[Start of Attachment]
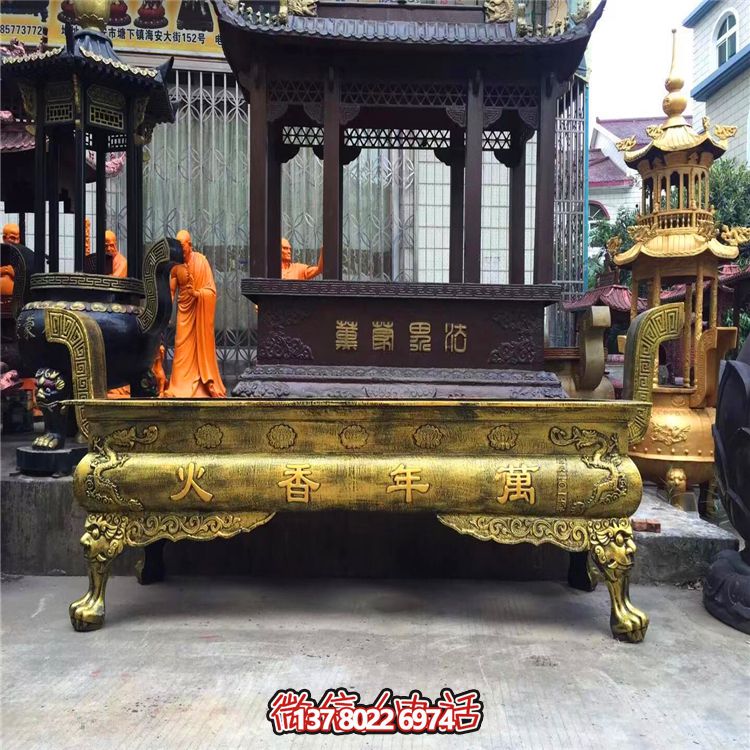 大型純銅鎏金香爐雕塑，為景觀寺廟增添靈性美感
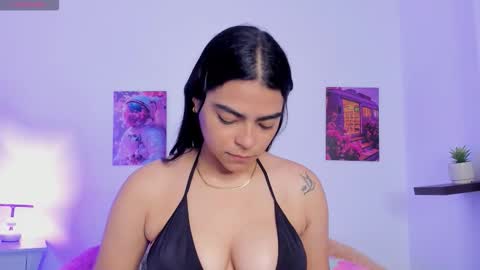 shizuka 11  online show from 11/19/25, 10:59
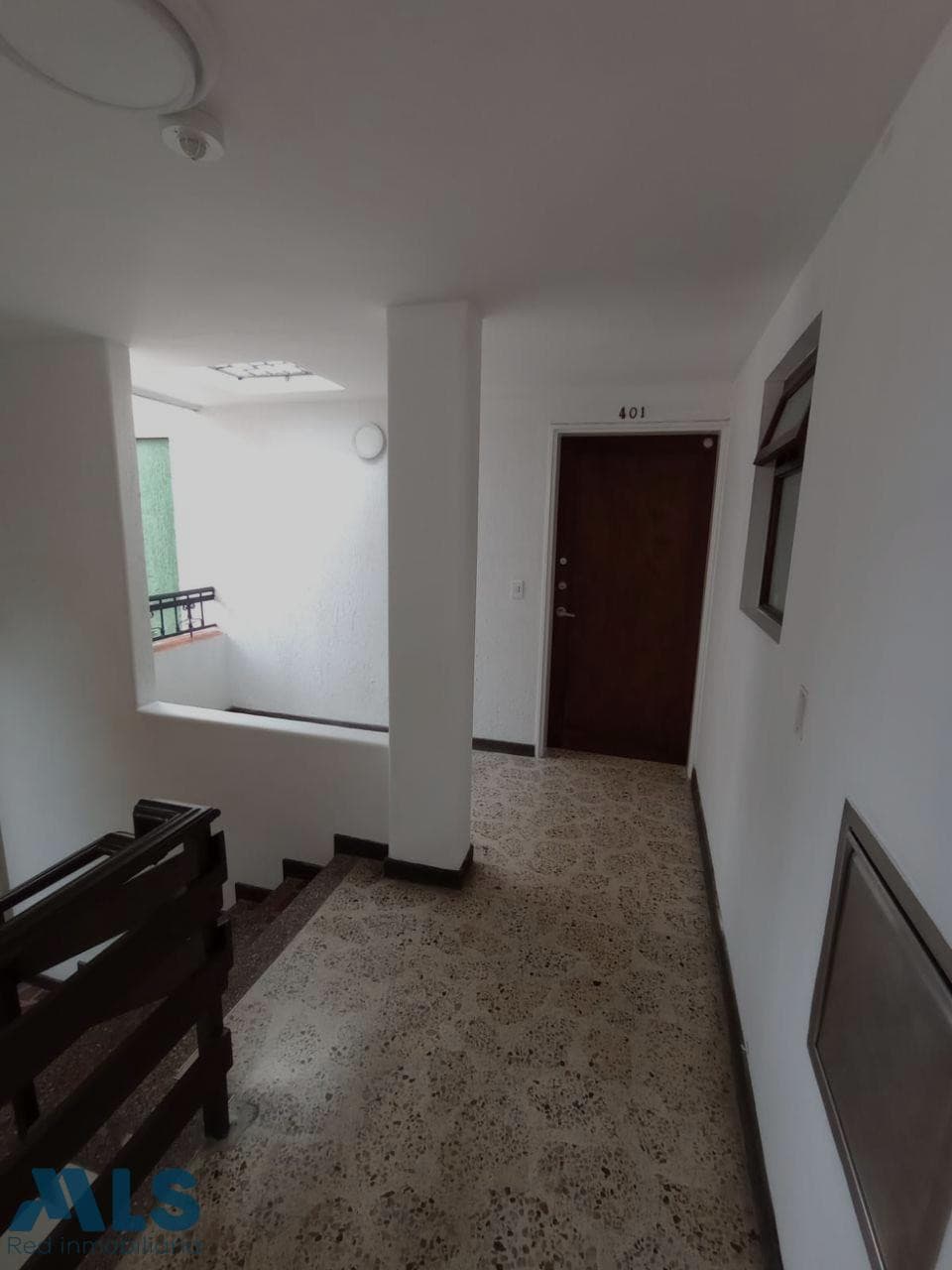 Apartamento en venta en Laureles, Medellín — foto 1 de 24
[End of Attachment]
**THE PROBLEM**
Copy the listing in full and without alteration, omitting every picture.

**SOLUTION FOR THIS TASK**
 大型純銅鎏金香爐雕塑，為景觀寺廟增添靈性美感
 shizuka 11  online show from 11/19/25, 10:59
 Apartamento en venta en Laureles, Medellín — foto 1 de 24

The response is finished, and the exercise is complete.